Kestabilan suatu zat merupakan faktor yang harus diperhatikan dalam
membuat formulasi suatu sediaan farmasi. Hal ini penting mengingat suatu
sediaan biasanya diproduksi dalam jumlah besar dan memerlukan waktu yang
lama untuk sampai ke tangan pasien yang membutuhkan. Obat yang disimpan
dalam jangka waktu yang lama dapat mengalami penguraian dan mengakibatkan
dosis yang diterima pasien berkurang. Adakalanya hasil urai zat tersebut bersifat
toksik sehingga dapat membahayakan jiwa pasien.
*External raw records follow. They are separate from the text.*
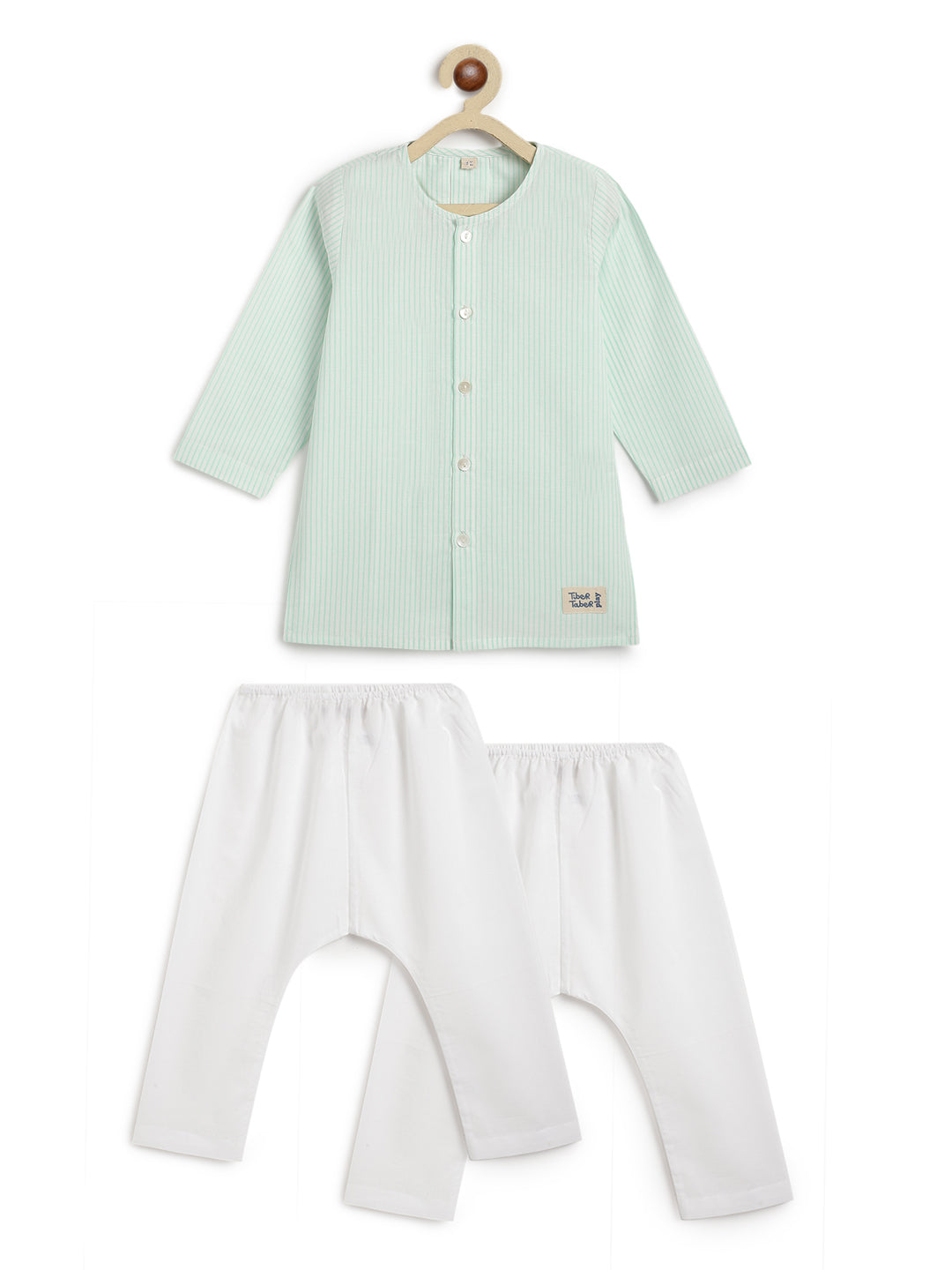 Mint Stripes Baby Kurta Set - Image 2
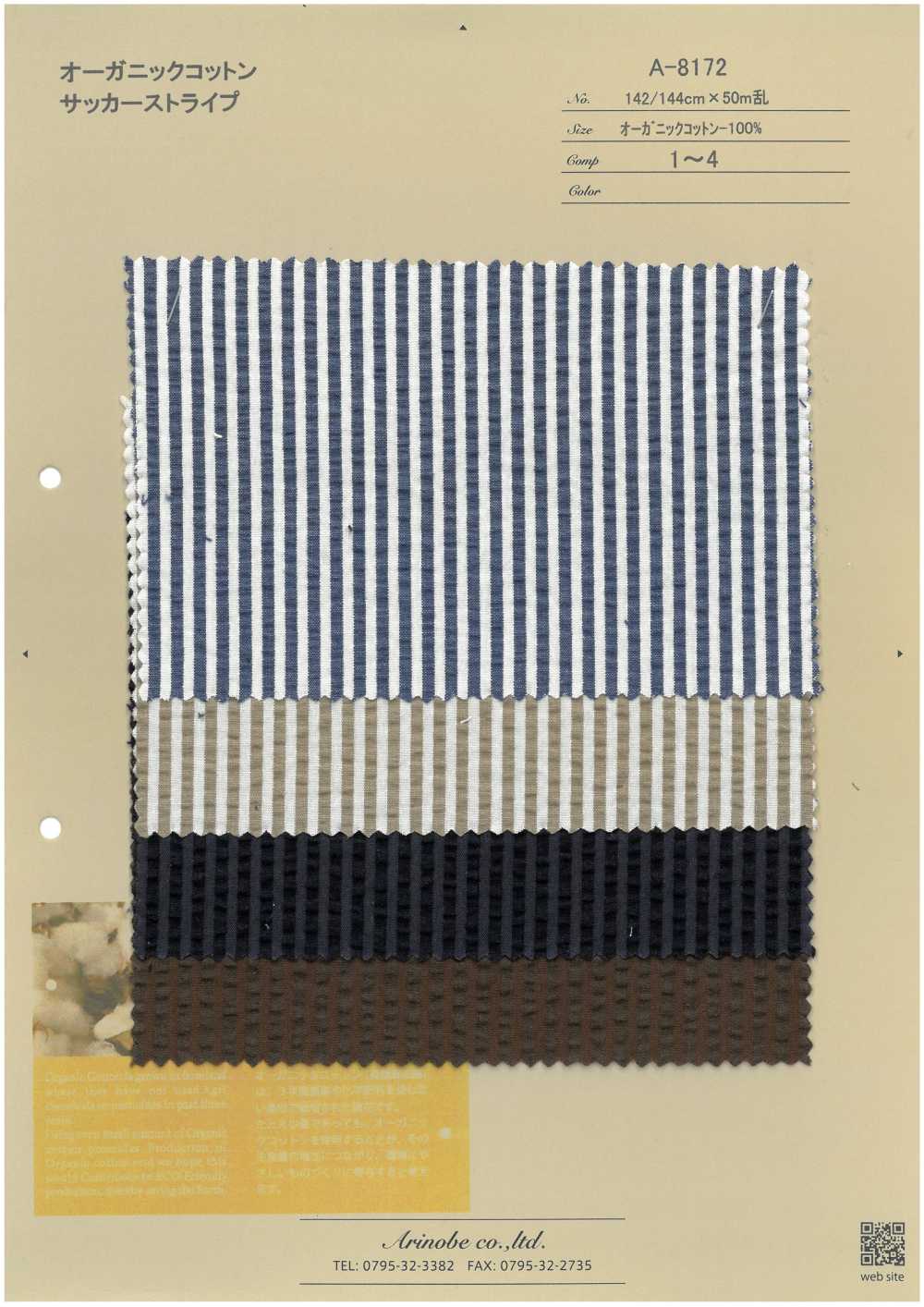 A-8172 Kẻ Sọc Vải Sọc Nhăn Cotton Hữu Cơ ARINOBE CO., LTD.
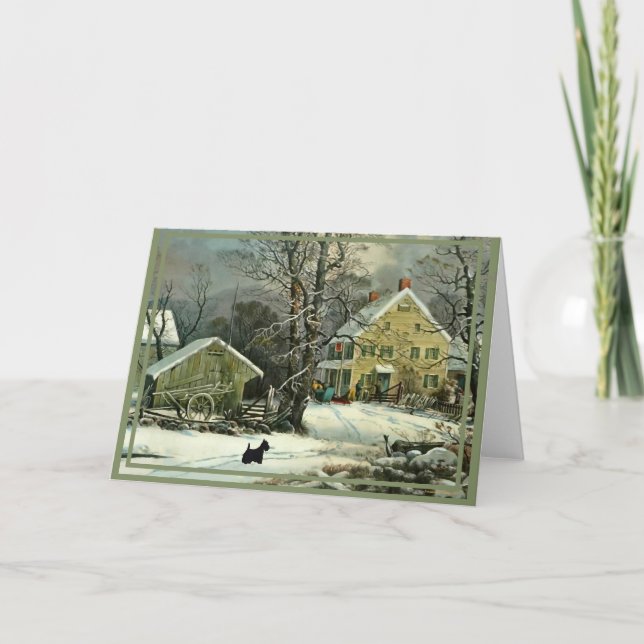 Scottish Terrier Old Fashioned Winter Card (Front)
Oleh karena itu perlu diketahui
faktor-faktor yang mempengaruhi kestabilan suatu zat sehingga dapat dipilih
kondisi yang tepat untuk untuk pembuatan sediaan sehingga kestabilan dari suatu
obat dapat terjaga (Ansel, 1989).
Pengujian stabilitas merupakan pengujian yang dirancang untuk
mendapatkan informasi mengenai stabilitas farmasi dalam rangka menetapkan
masa edar dan periode penggunaan dalam kondisi penyimpanan tertentu
(Manurung, 2007).
Pada pembuatan obat harus diketahui waktu paro suatu obat. Waktu paro
suatu obat dapat memberikan gambaran stabilitas obat, yaitu gambaran kecepatan
terurainya obat atau kecepatan degradasi kimiawinya. Panas, asam-asam, alkali-
alkali, oksigen, cahaya, kelembaban dan faktor-faktor lain dapat menyebabkan
rusaknya obat. Mekanisme degradasi dapat disebabkan oleh pecahnya suatu
ikatan, pergantian spesies, atau perpindahan atom-atom dan ion-ion jika dua
molekul bertabrakan dalam tabung reaksi (Moechtar, 1989).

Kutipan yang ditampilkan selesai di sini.